'' Sen şarkı söylemeyi kendine adet mi edindin? Artist mi olacaksın başımıza '' telsizini alıp konuştuğunda sonunda benim hareketlerimi yapıp kendi kendine kahkaha atmayı bırakmıştı. Bu şarkı söyleme meselesini de Dorukla konuşacaktım o gün ne yaptığımı hala tam anlamıyla hatırlamıyordum ve sarhoş olduğum akşamı hatırlatıp Kıvançın benimle biraz daha dalga geçmesini istemiyordum.

'' Eylül yere düştüğünde gider bir şeyin var mı diye ilgilenirsin ben düşünce kahkahalarla gülüyorsun. '' evet garip beynim yüzünden bu anı hatırlamış ve cümlenin dudaklarımdan dökülmesine engel olamamıştım.

'' Düşmesinin sebebi senin tarafından itilmek olunca o kadar komik olmamıştı. '' sesi bu sefer soğuk geliyordu.

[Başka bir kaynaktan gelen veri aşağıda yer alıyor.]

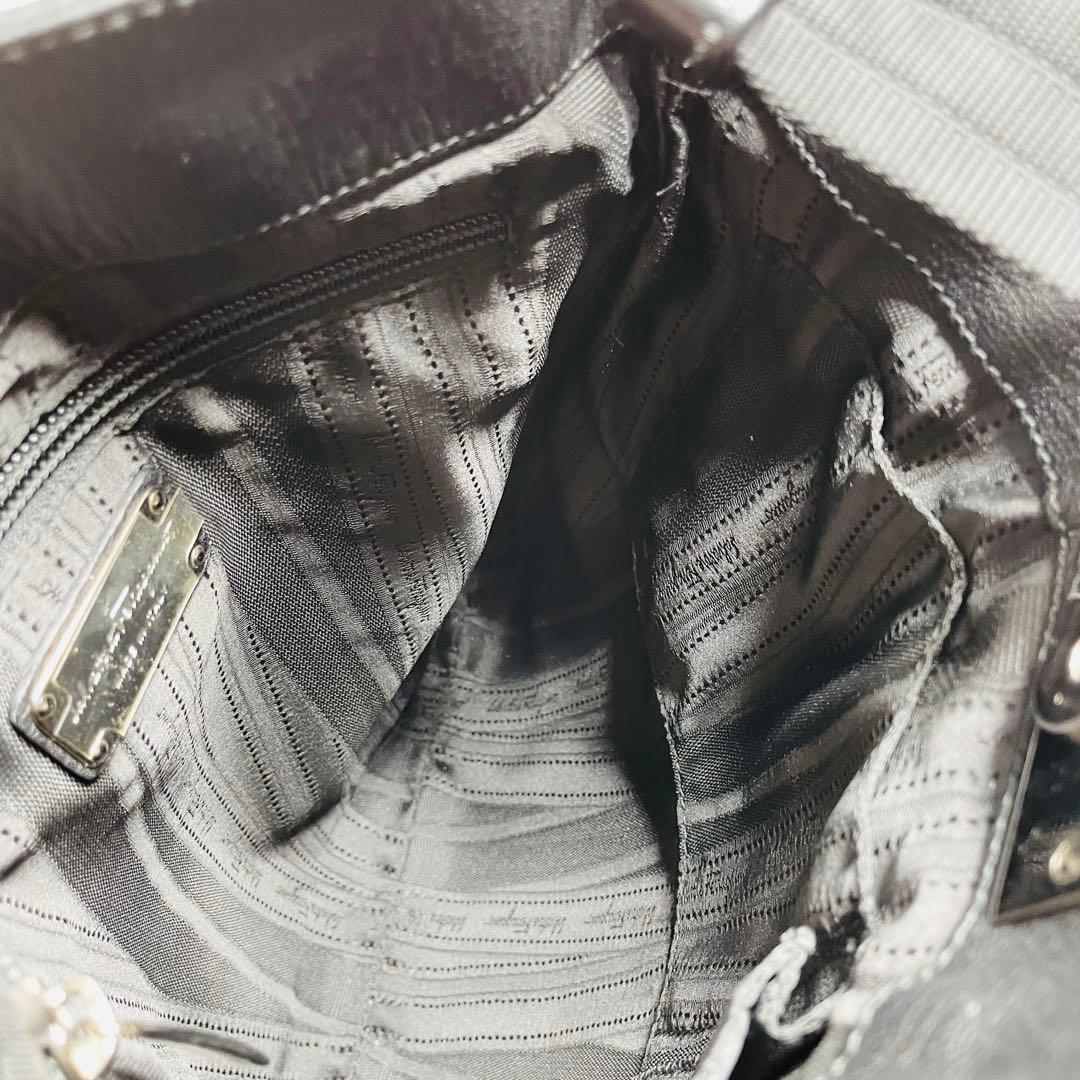 新品未使用　Salvatore Ferragamo正規品　サコッシュ レザー　黒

'' Belki de hazır yere düşmüşken kayıp beynini de oralarda arayabilirdi '' bu sefer düşünmeden konuştuğum için kendime ceza olarak içeriden yanağımı ısırdım ve başımı eğdim. Büyük ihtimalle yine bana sinirlenecekti. Kafamı korkarak kaldırdığımda ise gülmemek için kendini zorlayan bir Kıvanç gördüm kendini toparlayarak karşı camdan bana baş parmağını uyarıcı bir şekilde salladı ben de bu hareketine karşılık dudaklarım mühürlü hareketi yaparak ağzıma hayali bir fermuar kapatma yaptım.

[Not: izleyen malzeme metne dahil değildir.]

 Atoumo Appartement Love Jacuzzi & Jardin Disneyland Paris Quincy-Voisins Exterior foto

'' Aferin. Zaten Kayra kılıbıklık yapıp Hazal dedi diye kampa gitmiyor bunun üstüne daha bir bozuldu çaktırmak istemese de anlıyorum '' dedi

Ne diyeceğimi bilemediğim için yapmacık bir üzüntü ifadesi takınarak ona baktım. Eylülün gelmiyor oluşu harikaydı ve bu konu hakkında düşüncelerim kocaman bir kötü kız kahkahasından başka bir şey değildi ama bunu Kıvança gösteremezdim. Zaten Eylülü -kazara- itmem yeterince kötü durumuna düşürmüştü beni.

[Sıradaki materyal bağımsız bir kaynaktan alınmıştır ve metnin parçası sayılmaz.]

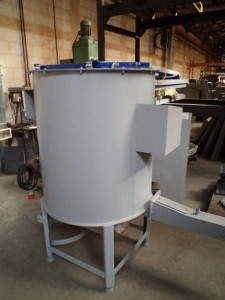 Kosz podajnik pieca na trociny i zrębki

'' Her neyse ben hazırlansam iyi olacak daha hiçbir şeyi tam yerleştiremedim '' konuyu kapatmak için onu geçiştirirken yarın kampa Doruklarla gideceğimizi anladığında ne tepki vereceğini düşünmüyor değildim. Hiçbir şeyden haberi yoktu ve bunu öğrenip onun gelmekten vazgeçme riskine giremezdim.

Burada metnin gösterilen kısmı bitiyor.